Now that I've successfully introduced myself, I'm having a few problems.
One, mainly, that I'd actually like some help with (I won't bore you
with my 6+ years of "anti-soundcard-voodoo problems"). LIBS. I think
they created libs just to put my knickers in a knot. The problem, as I
understand it, is that my libSDL is looking for some other libs that I,
as a neglectful user, have forgotten to install. Basically, Christian
wants to compile a program. Program's ./configure says "Christian needs
SDL!" Christian gets SDL. Configure says "Christian messed up the SDL
installation!"... The shell script ./configure, luckily, for one of my
SDL programs, created a log. Turns out libSDL is looking for another ...
I'm guessing it's a lib ... thing that is called... Dang. And here's
where I cease my pursuit on this subject. Turns out a simple "locate"
uncovered the needed lib, under /opt/kde/lib, nonetheless.
However, since my main gripe *is* with libs, I'm doing a "cp -ur
/opt/kde/lib* /usr/local/lib", and then again with /opt/gnome/lib...
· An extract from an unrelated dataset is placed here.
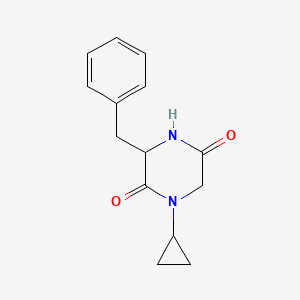 molecular formula C14H16N2O2 B1440625 3-苄基-1-环丙基哌嗪-2,5-二酮 CAS No. 1283107-91-4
Would it be a sound rationalization to believe that a symbolic link in
place of "/opt/<chosen WM>/lib" to "/usr/local/lib" is a simple
replacement for all these blasted libs? I can never keep track of where
they've gone to. That way, all my libs are together, something tries to
install a new lib, it goes to /usr/local/lib instead of some
nestled-away GUI hole, causing me uncalled-for grief when I try to
compile something that wants to use said lib?
Waiting for a professional opinion before I rm these blasted libraries.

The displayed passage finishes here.